[Records excerpted from a collection]
====================
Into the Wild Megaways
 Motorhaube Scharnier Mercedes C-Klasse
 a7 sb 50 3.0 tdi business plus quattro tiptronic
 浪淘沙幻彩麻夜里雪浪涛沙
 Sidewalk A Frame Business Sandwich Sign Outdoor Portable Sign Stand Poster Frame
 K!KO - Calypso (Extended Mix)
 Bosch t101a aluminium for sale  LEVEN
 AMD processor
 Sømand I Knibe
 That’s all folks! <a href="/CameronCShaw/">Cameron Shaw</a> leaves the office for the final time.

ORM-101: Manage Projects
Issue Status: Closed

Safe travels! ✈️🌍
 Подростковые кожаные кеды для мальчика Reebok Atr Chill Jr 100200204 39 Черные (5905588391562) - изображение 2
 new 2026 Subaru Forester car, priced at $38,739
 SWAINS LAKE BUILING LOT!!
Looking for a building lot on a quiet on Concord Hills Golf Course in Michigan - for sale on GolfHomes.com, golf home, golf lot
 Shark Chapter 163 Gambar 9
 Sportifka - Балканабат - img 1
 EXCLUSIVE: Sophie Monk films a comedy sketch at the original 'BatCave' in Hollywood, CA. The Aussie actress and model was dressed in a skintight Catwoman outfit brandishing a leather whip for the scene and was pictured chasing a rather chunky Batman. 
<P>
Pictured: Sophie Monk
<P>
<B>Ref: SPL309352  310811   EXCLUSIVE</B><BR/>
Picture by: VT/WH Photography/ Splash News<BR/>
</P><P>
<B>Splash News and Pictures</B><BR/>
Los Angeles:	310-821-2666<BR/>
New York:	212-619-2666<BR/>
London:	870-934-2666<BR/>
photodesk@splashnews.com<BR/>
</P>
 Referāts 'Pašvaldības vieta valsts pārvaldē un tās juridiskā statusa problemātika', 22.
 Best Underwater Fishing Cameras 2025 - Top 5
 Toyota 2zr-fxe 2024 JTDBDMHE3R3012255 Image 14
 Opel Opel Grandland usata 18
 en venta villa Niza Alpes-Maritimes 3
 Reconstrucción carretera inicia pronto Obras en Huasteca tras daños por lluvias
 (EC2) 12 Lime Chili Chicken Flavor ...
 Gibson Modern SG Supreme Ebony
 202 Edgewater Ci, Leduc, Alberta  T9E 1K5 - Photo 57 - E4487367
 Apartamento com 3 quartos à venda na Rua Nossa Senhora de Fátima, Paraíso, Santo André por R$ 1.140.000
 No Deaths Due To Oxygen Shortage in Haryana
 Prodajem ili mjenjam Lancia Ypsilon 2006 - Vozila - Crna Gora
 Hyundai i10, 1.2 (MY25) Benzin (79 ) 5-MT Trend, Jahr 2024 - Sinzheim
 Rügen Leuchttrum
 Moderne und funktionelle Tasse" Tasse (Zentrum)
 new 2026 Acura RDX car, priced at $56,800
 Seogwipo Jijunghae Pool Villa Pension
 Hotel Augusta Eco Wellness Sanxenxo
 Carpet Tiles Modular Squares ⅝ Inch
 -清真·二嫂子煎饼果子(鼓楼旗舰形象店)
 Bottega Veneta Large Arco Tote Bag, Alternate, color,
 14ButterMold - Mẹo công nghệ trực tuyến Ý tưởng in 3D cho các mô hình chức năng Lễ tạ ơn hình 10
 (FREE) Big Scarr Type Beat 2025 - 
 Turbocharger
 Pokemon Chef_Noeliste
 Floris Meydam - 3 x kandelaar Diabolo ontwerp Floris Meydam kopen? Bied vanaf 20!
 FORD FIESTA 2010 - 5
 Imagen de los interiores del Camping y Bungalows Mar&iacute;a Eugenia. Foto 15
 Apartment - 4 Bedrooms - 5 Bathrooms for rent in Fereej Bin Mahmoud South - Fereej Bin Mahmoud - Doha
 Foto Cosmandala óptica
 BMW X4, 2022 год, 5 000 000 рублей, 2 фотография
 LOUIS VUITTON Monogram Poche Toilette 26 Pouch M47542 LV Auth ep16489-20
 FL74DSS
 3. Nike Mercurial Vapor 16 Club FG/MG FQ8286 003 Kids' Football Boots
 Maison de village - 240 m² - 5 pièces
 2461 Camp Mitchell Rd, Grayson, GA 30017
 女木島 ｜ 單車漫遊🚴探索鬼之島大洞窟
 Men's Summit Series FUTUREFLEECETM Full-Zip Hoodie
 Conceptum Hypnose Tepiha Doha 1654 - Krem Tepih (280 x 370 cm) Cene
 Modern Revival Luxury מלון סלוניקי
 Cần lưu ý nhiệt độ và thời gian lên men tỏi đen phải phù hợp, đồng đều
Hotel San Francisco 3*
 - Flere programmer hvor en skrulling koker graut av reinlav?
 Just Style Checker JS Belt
====================
Reproduce the data above in full. Leave nothing out.

Into the Wild Megaways
 Motorhaube Scharnier Mercedes C-Klasse
 a7 sb 50 3.0 tdi business plus quattro tiptronic
 浪淘沙幻彩麻夜里雪浪涛沙
 Sidewalk A Frame Business Sandwich Sign Outdoor Portable Sign Stand Poster Frame
 K!KO - Calypso (Extended Mix)
 Bosch t101a aluminium for sale  LEVEN
 AMD processor
 Sømand I Knibe
 That’s all folks! <a href="/CameronCShaw/">Cameron Shaw</a> leaves the office for the final time.

ORM-101: Manage Projects
Issue Status: Closed

Safe travels! ✈️🌍
 Подростковые кожаные кеды для мальчика Reebok Atr Chill Jr 100200204 39 Черные (5905588391562) - изображение 2
 new 2026 Subaru Forester car, priced at $38,739
 SWAINS LAKE BUILING LOT!!
Looking for a building lot on a quiet on Concord Hills Golf Course in Michigan - for sale on GolfHomes.com, golf home, golf lot
 Shark Chapter 163 Gambar 9
 Sportifka - Балканабат - img 1
 EXCLUSIVE: Sophie Monk films a comedy sketch at the original 'BatCave' in Hollywood, CA. The Aussie actress and model was dressed in a skintight Catwoman outfit brandishing a leather whip for the scene and was pictured chasing a rather chunky Batman. 
<P>
Pictured: Sophie Monk
<P>
<B>Ref: SPL309352  310811   EXCLUSIVE</B><BR/>
Picture by: VT/WH Photography/ Splash News<BR/>
</P><P>
<B>Splash News and Pictures</B><BR/>
Los Angeles:	310-821-2666<BR/>
New York:	212-619-2666<BR/>
London:	870-934-2666<BR/>
photodesk@splashnews.com<BR/>
</P>
 Referāts 'Pašvaldības vieta valsts pārvaldē un tās juridiskā statusa problemātika', 22.
 Best Underwater Fishing Cameras 2025 - Top 5
 Toyota 2zr-fxe 2024 JTDBDMHE3R3012255 Image 14
 Opel Opel Grandland usata 18
 en venta villa Niza Alpes-Maritimes 3
 Reconstrucción carretera inicia pronto Obras en Huasteca tras daños por lluvias
 (EC2) 12 Lime Chili Chicken Flavor ...
 Gibson Modern SG Supreme Ebony
 202 Edgewater Ci, Leduc, Alberta  T9E 1K5 - Photo 57 - E4487367
 Apartamento com 3 quartos à venda na Rua Nossa Senhora de Fátima, Paraíso, Santo André por R$ 1.140.000
 No Deaths Due To Oxygen Shortage in Haryana
 Prodajem ili mjenjam Lancia Ypsilon 2006 - Vozila - Crna Gora
 Hyundai i10, 1.2 (MY25) Benzin (79 ) 5-MT Trend, Jahr 2024 - Sinzheim
 Rügen Leuchttrum
 Moderne und funktionelle Tasse" Tasse (Zentrum)
 new 2026 Acura RDX car, priced at $56,800
 Seogwipo Jijunghae Pool Villa Pension
 Hotel Augusta Eco Wellness Sanxenxo
 Carpet Tiles Modular Squares ⅝ Inch
 -清真·二嫂子煎饼果子(鼓楼旗舰形象店)
 Bottega Veneta Large Arco Tote Bag, Alternate, color,
 14ButterMold - Mẹo công nghệ trực tuyến Ý tưởng in 3D cho các mô hình chức năng Lễ tạ ơn hình 10
 (FREE) Big Scarr Type Beat 2025 - 
 Turbocharger
 Pokemon Chef_Noeliste
 Floris Meydam - 3 x kandelaar Diabolo ontwerp Floris Meydam kopen? Bied vanaf 20!
 FORD FIESTA 2010 - 5
 Imagen de los interiores del Camping y Bungalows Mar&iacute;a Eugenia. Foto 15
 Apartment - 4 Bedrooms - 5 Bathrooms for rent in Fereej Bin Mahmoud South - Fereej Bin Mahmoud - Doha
 Foto Cosmandala óptica
 BMW X4, 2022 год, 5 000 000 рублей, 2 фотография
 LOUIS VUITTON Monogram Poche Toilette 26 Pouch M47542 LV Auth ep16489-20
 FL74DSS
 3. Nike Mercurial Vapor 16 Club FG/MG FQ8286 003 Kids' Football Boots
 Maison de village - 240 m² - 5 pièces
 2461 Camp Mitchell Rd, Grayson, GA 30017
 女木島 ｜ 單車漫遊🚴探索鬼之島大洞窟
 Men's Summit Series FUTUREFLEECETM Full-Zip Hoodie
 Conceptum Hypnose Tepiha Doha 1654 - Krem Tepih (280 x 370 cm) Cene
 Modern Revival Luxury מלון סלוניקי
 Cần lưu ý nhiệt độ và thời gian lên men tỏi đen phải phù hợp, đồng đều
Hotel San Francisco 3*
 - Flere programmer hvor en skrulling koker graut av reinlav?
 Just Style Checker JS Belt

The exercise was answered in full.